That night, a mates fortieth birthday dinner. I'll generally go out of my way to avoid fancy restaurants because, honestly, give me $12 plate of gnocchi from the shit hole Italian restaurant down the street over a $50 version which looks pretty but leaves you still hungry. Thankfully the vino did flow, caught up with friends, swapped stories, laughed at some embarrassing shenanigans and had a bloody good time. What else could you ask for? Once again no idea when we got home but was quick to drink a lot of water and eat something because...

... it was the foolproof strategy to avoid a potentially shocking hangover. Particularly happy with that on account of the previous weekends hangover which hurt. Badly. Spent Sunday morning working on this update before heading into the city to meet friends for lunch. We'd seen something on TV about a new dim sum place opening up and we desperately had to try it. It looked amazing and special and most of all, "cool". Turned out that whilst the food was reasonably good the only real difference was instead of cranky Chinese women pushing steam carts around and you had to order at the counter. From there we ditched the appendages and a mate and I hopped on the train to head for the football. Had scored free tix and West Coast vs Bulldogs is a game worth seeing... especially if you're a West Coast fan. Fucking awesome match and that plus a few drinks at the pub afterward helped complete the drunken trifecta.
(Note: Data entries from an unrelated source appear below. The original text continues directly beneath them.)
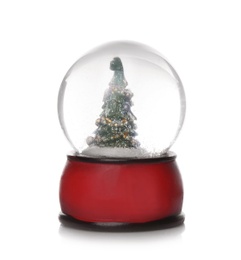 Photo of Beautiful snow globe with Christmas tree inside on white background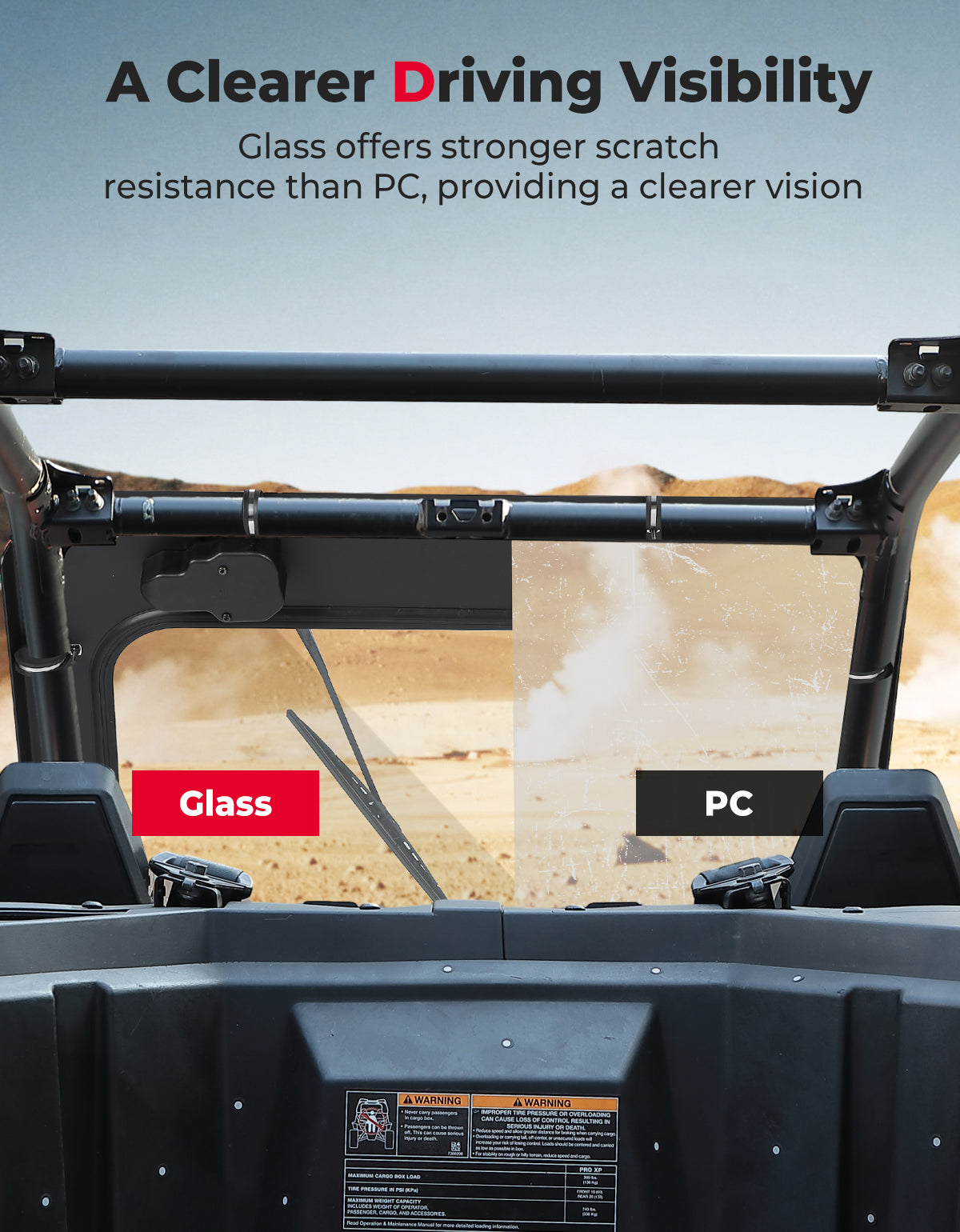Glass Windshield with Electric Wipers for Polaris RZR PRO XP / RZR Turbo R 2020-2024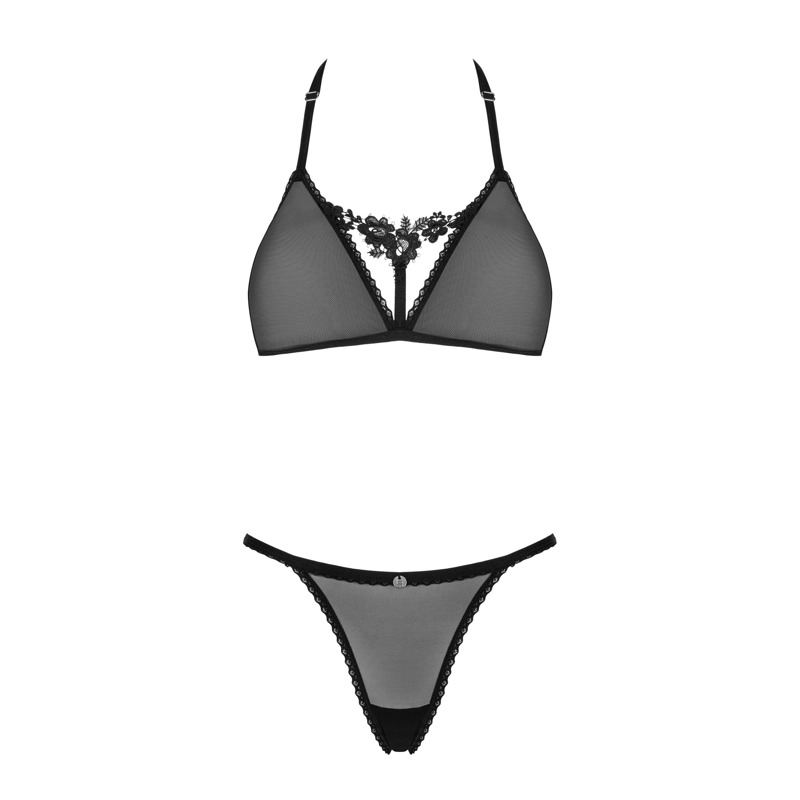 Комплект белья в сеточку с декоративным лифом Obsessive Celia Noir черный, XS/S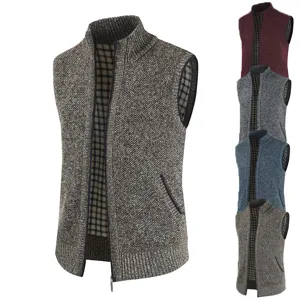 Herren Winter thermisch geflammte Strickweste Stehkragen Reißverschluss Cardigan
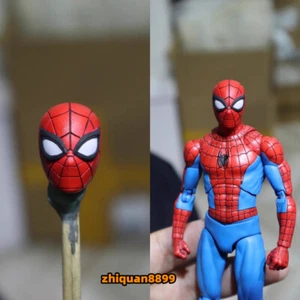 Handmade 1/12 Spider-Man Mask Head Carving Sculpture for 6" Action Figure Body - Picture 1 of 7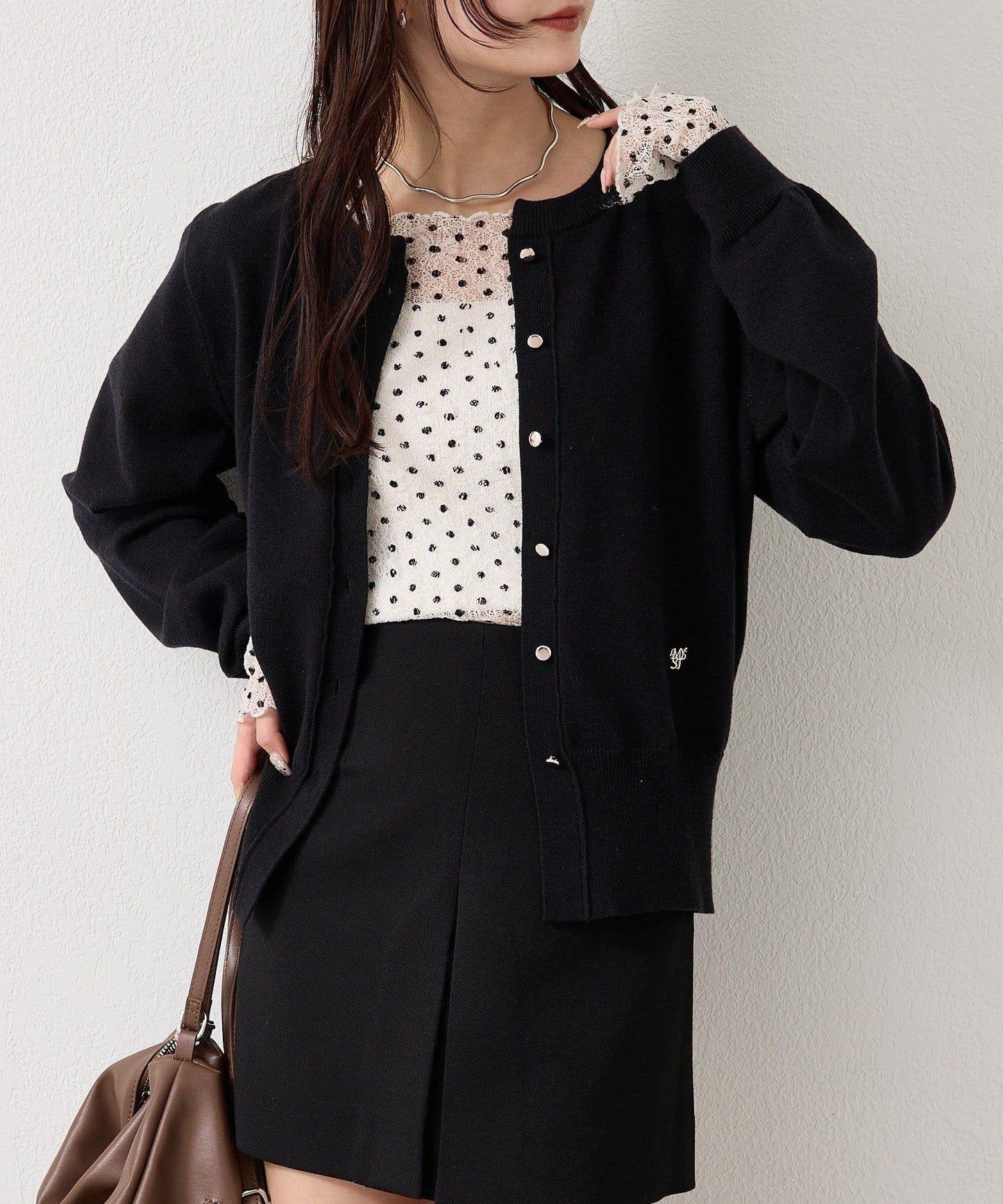 【色/黑色】帶吊墜日常開衫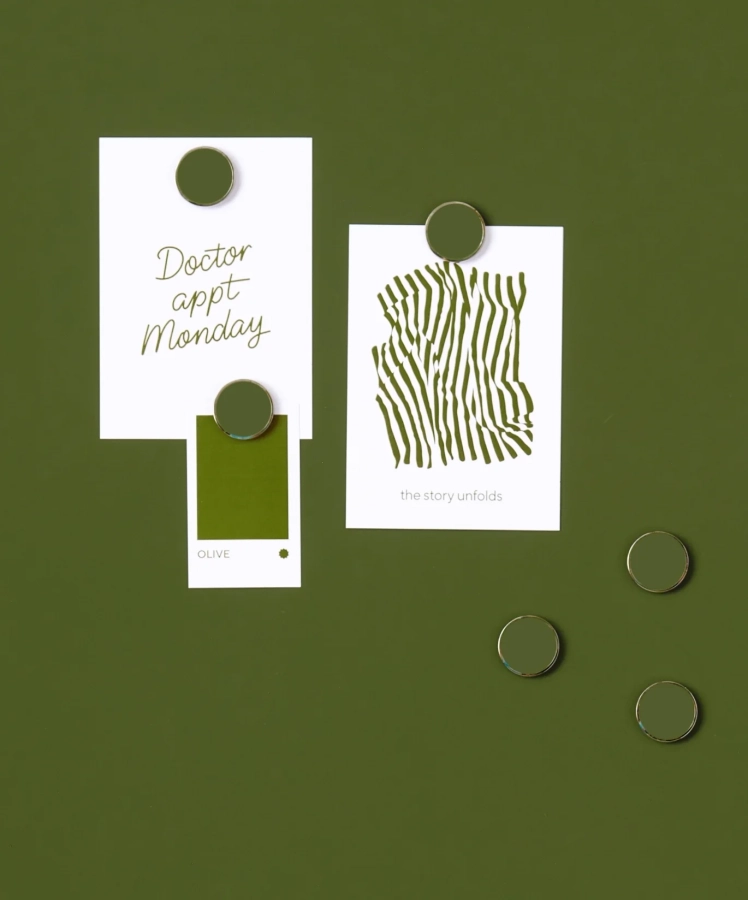 MUSTARD zestaw 6 magnesów THE BUTTONS olive.webp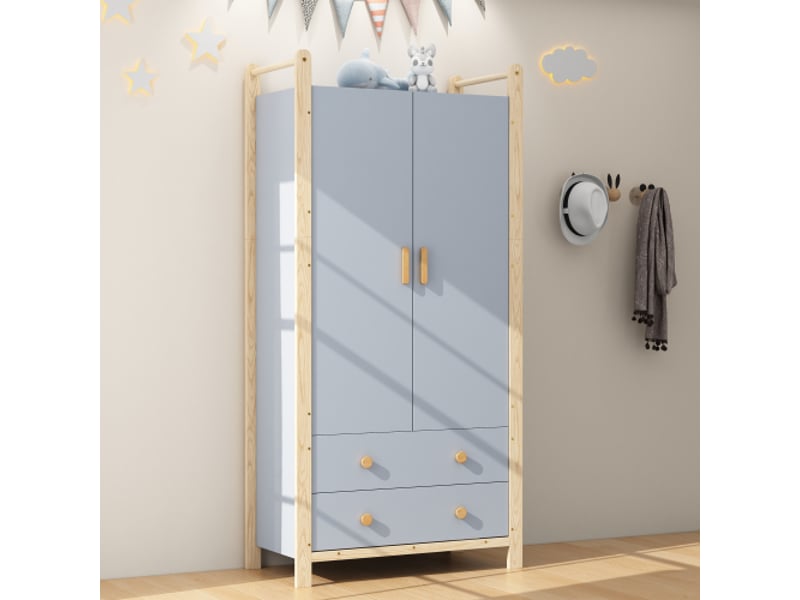  Ensemble armoire et étagère enfant en bois massif bleu et naturel, meuble de rangement 180 cm  - Conforama E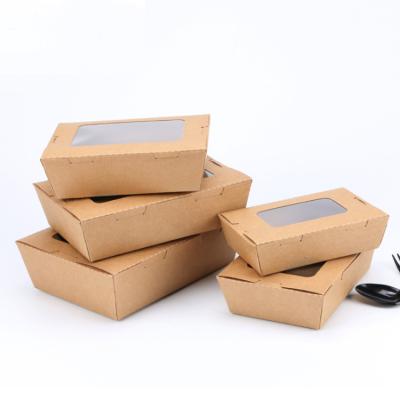 China Other Brown Kraft Paper Disposable Take Out Packaging Food Box With Clear PVC Window For Salad for sale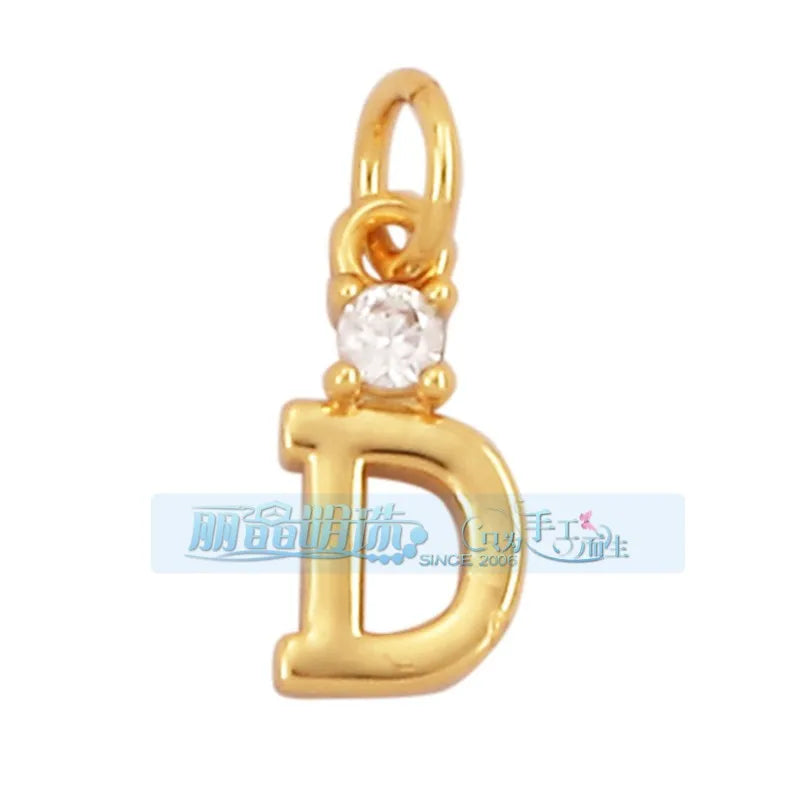 1 Piece 15 * 19mm Hole 5~5.9mm Copper Zircon Letter Heart Shape Pendant Jewelry Accessories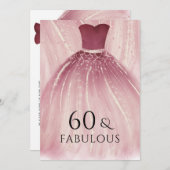 Invitation Robe de sirène pourpre bordeaux 60e fête d'anniver (Devant / Derrière)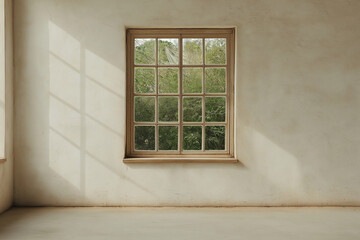 Poster - A perfectly square window on a blank white wall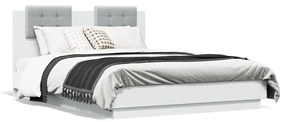 3209954 vidaXL Cadru de pat cu tăblie, alb, 135x190 cm, lemn prelucrat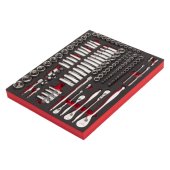 Module mousse cliquets et douilles 1/4", 3/8" et 1/2" 119 pièces - MILWAUKEE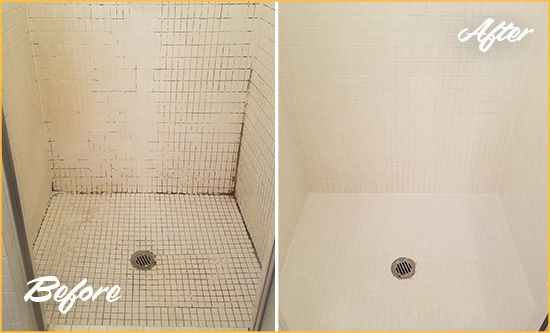 Before and After Picture of a Pismo Beach Bathroom Grout Sealed to Remove Mold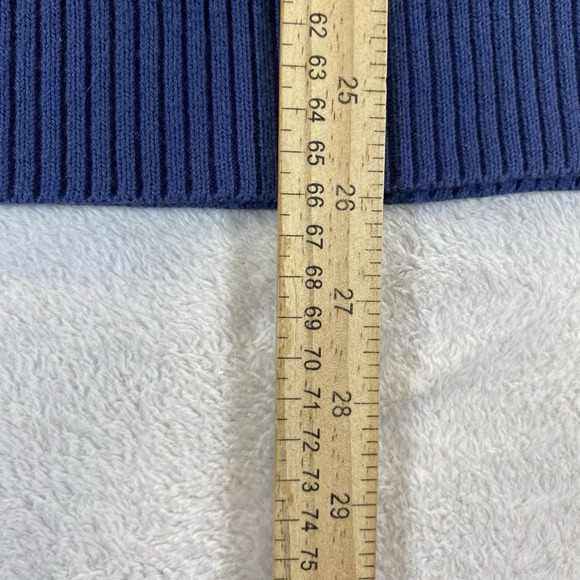 Eddie Bauer Sweater Mens L Navy Blue 1/4 Zip Pullover 100% Cotton - Picture 6 of 8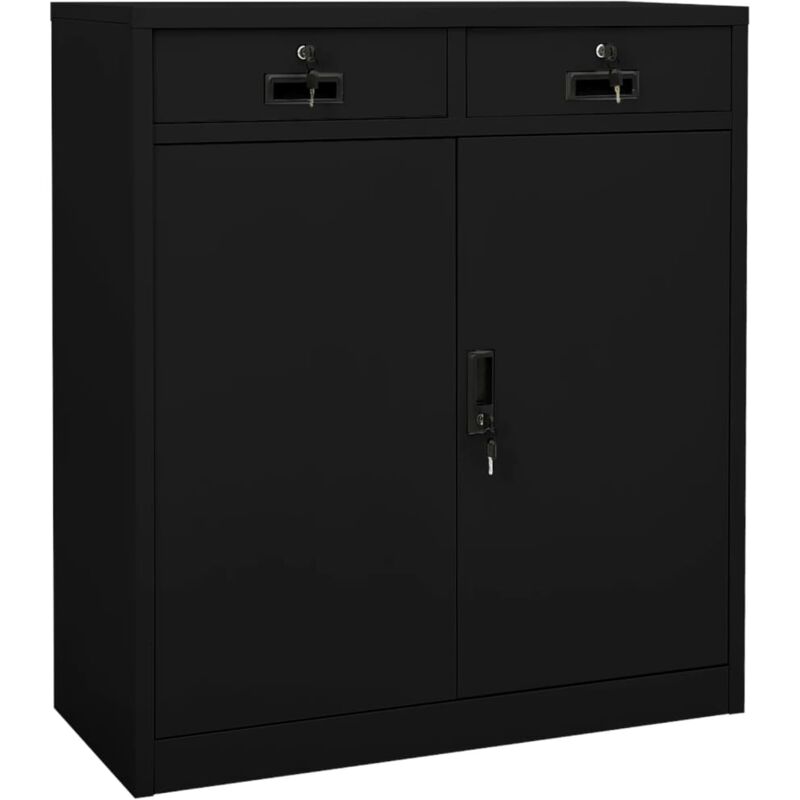 foto del prodotto armadio per ufficio 90x40x102 cm in acciaio con ante e scomparti vari colori colore nero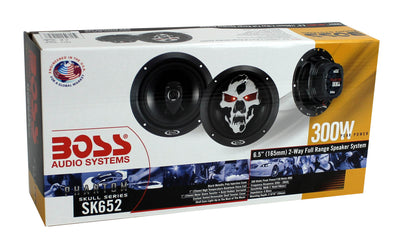 2) NEW BOSS SK652 6.5” 300W 2-Way Full Range Phantom Skull Car Audio Speakers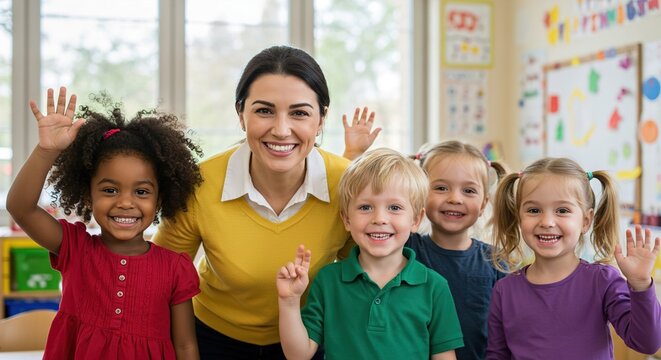 "Happy Diverse Children with Preschool Teacher: Smiling, Waving, and Posing Together in a Bright, Modern Kindergarten Classroom"
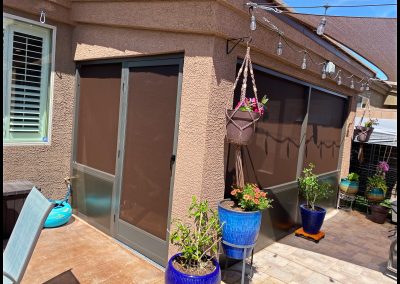Backyard patio with plants and string lights.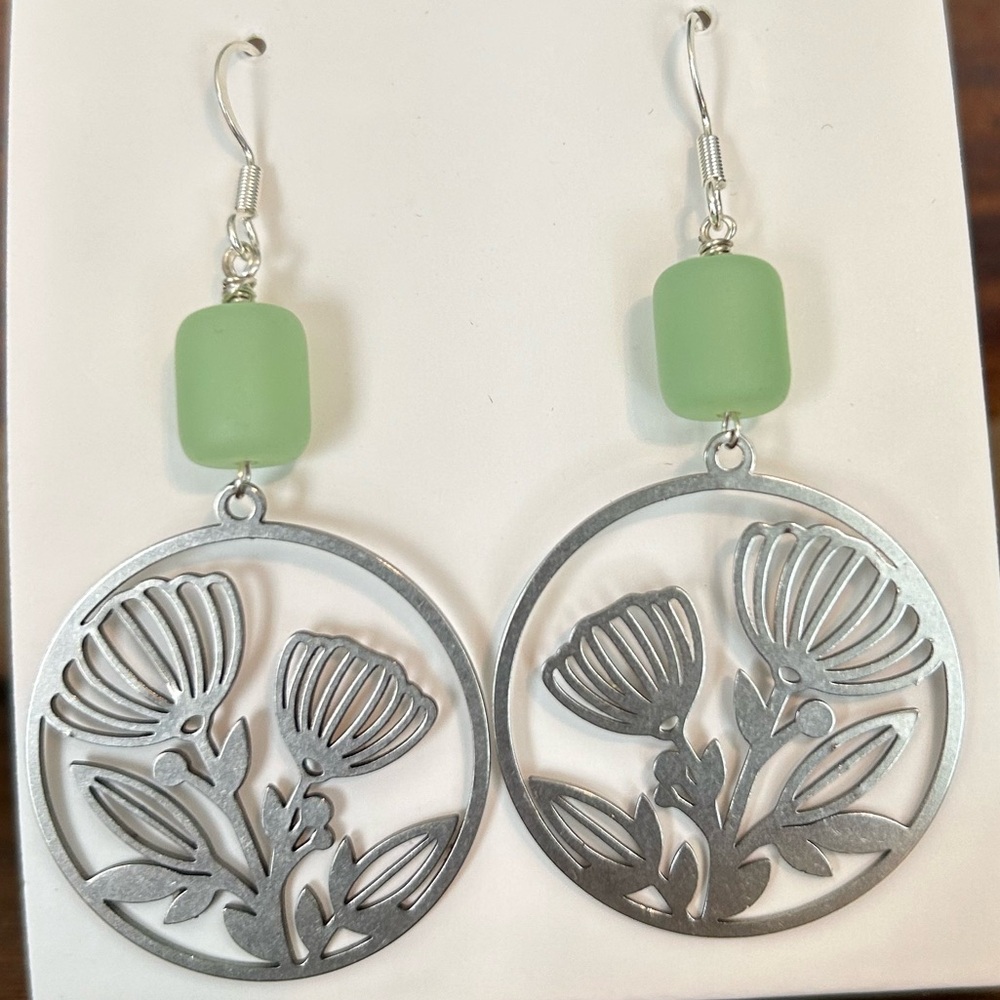 Hand Crafted Earrings - Stainless Steel and Glass Beads - 2” Drop - NWT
I'd be happy to commit to alcohol free right now although seems it may not be that easy. We've got social shit on the next four nights and a couple of them have the potential to be way more fun by adding booze. If anything has been learnt from this it's that drinking more often and then having a glass of water is guarantees no hangovers...

Alright let us move on with the update. It's a fucking monster. Ridiculously ridic. Check it...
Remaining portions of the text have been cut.